I'll take a pic of the blade later.


----------



## TarheelTerp (Jan 6, 2009)

CoconutPete said:


> One of the items is a saw. Black and Decker KS890ECN. It's a wacky looking thing - almost like a cross between a jigsaw and zawsall.
> 
> I can't find blades anywhere


check out the video
it shows a blade change but nothing I regognize

http://www.isitetv.com/941558a068d9a988f6dd132598f8d7f9-p10.htm


----------



## woodworkbykirk (Sep 25, 2011)

ok after watching that video.. its definitely a tool that never caught on. much like the mitre saw that flips around to become a table saw....


----------



## CoconutPete (Jan 22, 2010)

I think I found out why it never caught on.

http://www.ebay.com/itm/B-D-X29961-...Home_Garden_PowerTools_SM&hash=item3cb79c1794

$22 for a blade for a reciprocating saw. Ouch!


----------



## PaliBob (Jun 11, 2008)

GPB is short for: Great Britain Pound'_ UK _ 

I found more blades but they were all with UK prices e.g.:
http://www.homebase.co.uk/webapp/wc...ay?langId=110&storeId=10151&partNumber=667657

note on that site
"* Unfortunately we cannot deliver to the outlying islands*."


----------



## CoconutPete (Jan 22, 2010)

Now I'm on the fence.... add in Shipping and after buying blades 3 times you are at 90 bucks. What does a good sawzall cost these days?

I guess I could have them delivered to Denmark and pick them up when I'm there next. Seems like a lot of work just for blades


----------



## hyunelan2 (Aug 14, 2007)

You can find 10a reciprocating saws of reputable brand name (DeWalt, Milwaukee) on for about $100. Stepping up to the bigger motors will get the price closer to $200.


----------



## PaliBob (Jun 11, 2008)

Any of the 10 amp (that's ~1200W) recips available on this side of the pond sounds like a deal breaker compared to the 400W scorpion.
Ref: http://www.blackanddecker.co.uk/powertools/productdetails/catno/KS890ECN/info/specifications/
see "Specifications"


----------



## ratherbefishing (Jan 13, 2011)

Ooh ooh.

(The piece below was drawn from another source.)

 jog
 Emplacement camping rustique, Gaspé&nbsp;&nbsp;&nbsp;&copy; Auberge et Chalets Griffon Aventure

I think I've got it!
Google Black and Decker Navigator Blades.


----------



## joecaption (Nov 30, 2011)

I'd get rid of it and buy a sawsall. Why go through all this every time you need a new blade?
A sawsall is a far more usefull tool and easy to find blades for.

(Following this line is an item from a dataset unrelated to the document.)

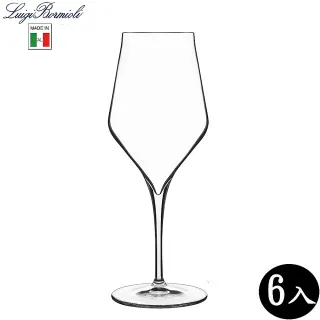【Luigi Bormioli】頂級紅酒杯 水晶玻璃 450ml/6入 450ml(紅酒杯)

http://www.reconditionedtools.com/o...oned-tools-Site/default/Search-Show?q=Sawsall


----------



## CoconutPete (Jan 22, 2010)

PaliBob said:


> Any of the 10 amp (that's ~1200W) recips available on this side of the pond sounds like a deal breaker compared to the 400W scorpion.
> Ref: http://www.blackanddecker.co.uk/powertools/productdetails/catno/KS890ECN/info/specifications/
> see "Specifications"


400 Watts!!! No wonder it tore through stuff!!!!





ratherbefishing said:


> Ooh ooh. I think I've got it!
> Google Black and Decker Navigator Blades.


HOLY CRAP!!!!! Is that it ???

I ordered a couple! I'll update the thread when they get here.


----------